Boireau later backtracked and on Wednesday said "we are of course interested in Alitalia. It may be possible that Air France will submit a bid, if only not to find ourselves left out in the future. In any case, no official decision has been made".
Some observers believe that Air France-KLM will present an offer in order to compete against a possible bid by rival Lufthansa of Germany. Alitalia shares surged as high as 3.86 % in morning trading in Milan amid speculation of an offer. Shares later retreated but were still up over 2.3% in the afternoon.

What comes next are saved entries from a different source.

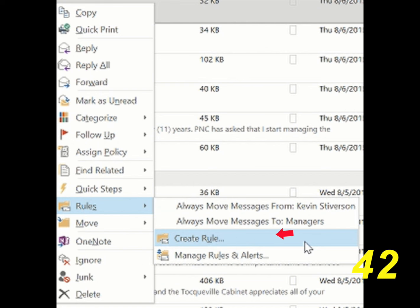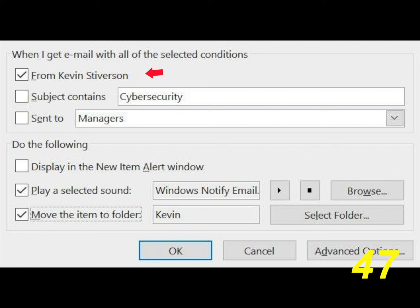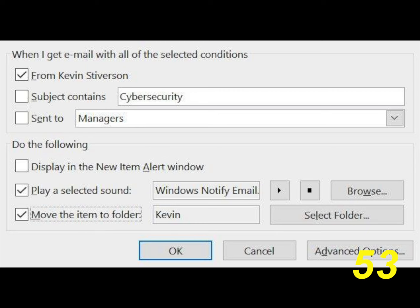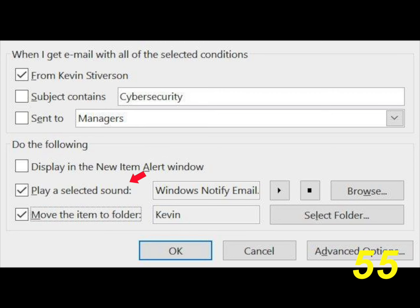For more complex rules, select Create Rule. With rules, you can automatically forward a message from an important client, move that message to a folder for follow-up, and play a certain sound so you'll be alerted. Rules are a great time saver inside Microsoft Outlook.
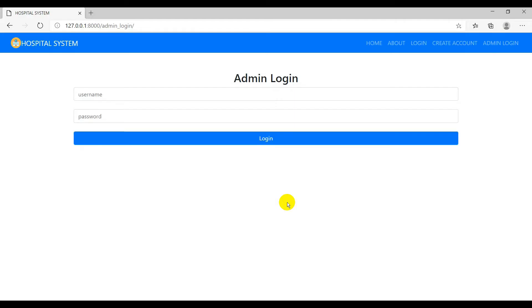You may have a doubt — we already have the admin panel. But why do we need separate pages for the admin? Because to create a new doctor or a receptionist, we need to go to the admin panel, add the information in the respective model, and also add the same information in the user model too. Instead of doing the same thing in both places, I have created a registration form for the admin to add doctors and receptionists.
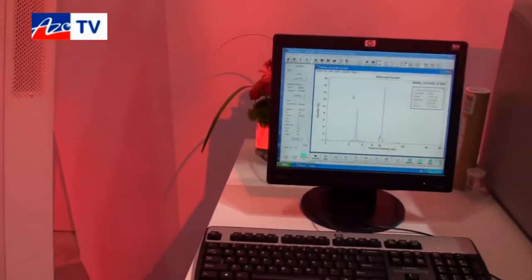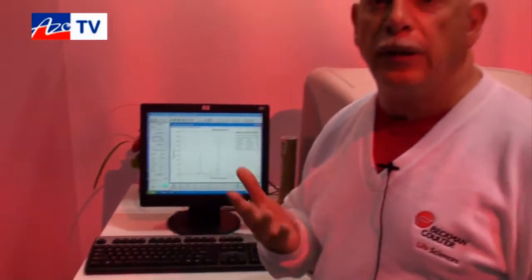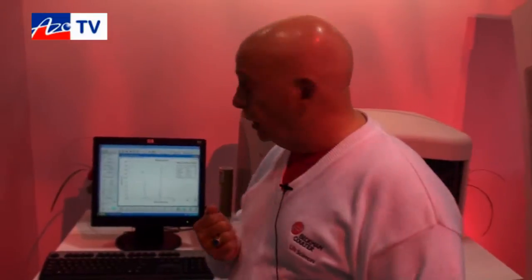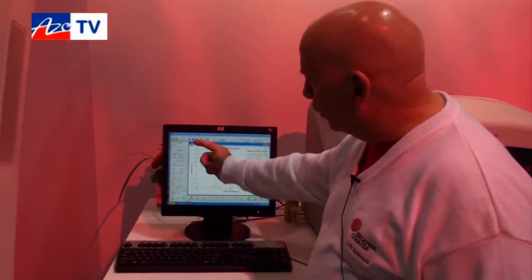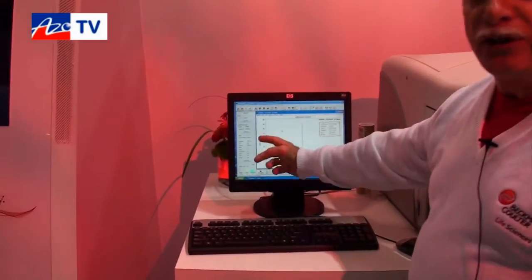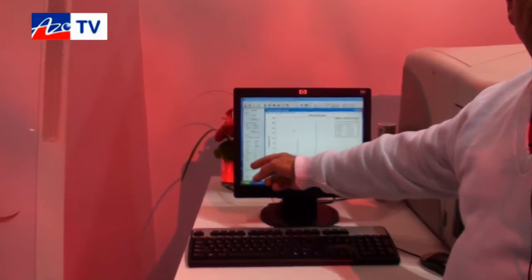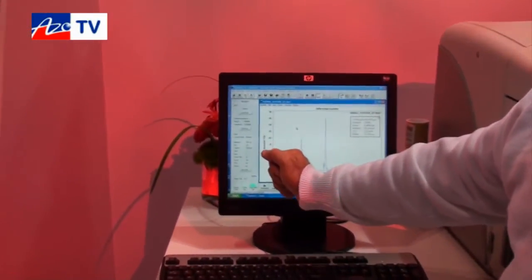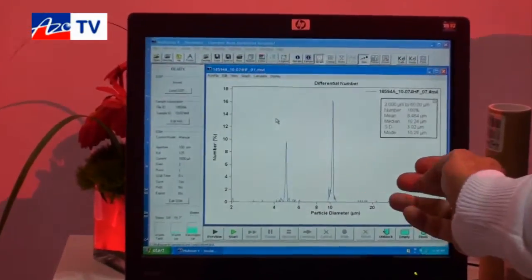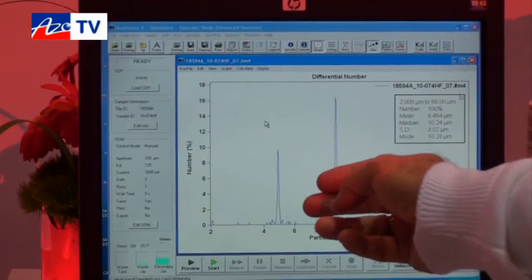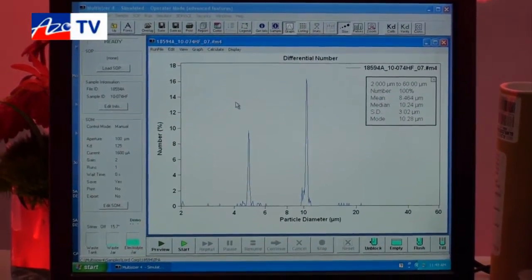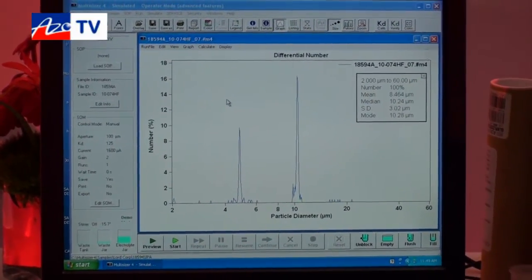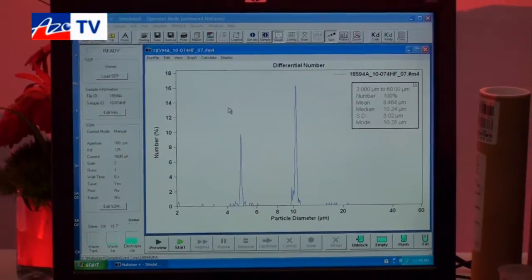There is no mathematical conversion as in many other technologies. This is the instrument control interface where you actually control the operation of the instrument. This is a graph and statistical results of the samples that you happen to be analyzing.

Paolo Brutti, the head of the Senate's public works committee, observed that Spinetta's move could be a bid to avoid a conflict of interest in view of a possible offer to buy Alitalia. The Italian government decided at the end of last year to sell no less than 30.1% of Alitalia and is accepting initial offers up until January 29. The Treasury has hinted that it may sell all of the state's 49.9% stake in the airline under the right conditions. So far only Italian businessman Paolo Alazraki has already met unions to illustrate his master plan to acquire and rescue Italy's ailing national carrier, which could carry a price tag as high as five billion euros. Other bids are said to be in the works from a group coordinated by the Rothschild Bank as well as from the Aga Khan, whose Italian regional carrier Meridiana recently acquired the low-budget airline Eurofly. There is also speculation that financier Carlo De Benedetti may present a bid through the corporate bail-out fund M&C he helped set up together with a group of leading Italian businessmen, including footwear tycoon Andrea Della Valle. Spinetta's departure, the second from the Alitalia board in a week, leaves the group with only two members and means a board meeting planned for Friday to look at accounts can no longer go ahead. Three directors are needed for a board meeting to be valid. It also means that the company could be placed in the hands of a state-appointed administrator. The remaining board members are President and CEO Giancarlo Cimoli and Treasury representative Giovanni Sabbatini. Recognising the board's predicament, Alitalia unions called off a strike scheduled for Friday but said their concerns over the airline's uncertain future had only been intensified. Unionists said the situation required rapid action by Treasury Minister Tommaso Padoa Schioppa.
Sources close to Alitalia said a shareholders meeting would be held sometime between February 19 and 23 to elect a new board.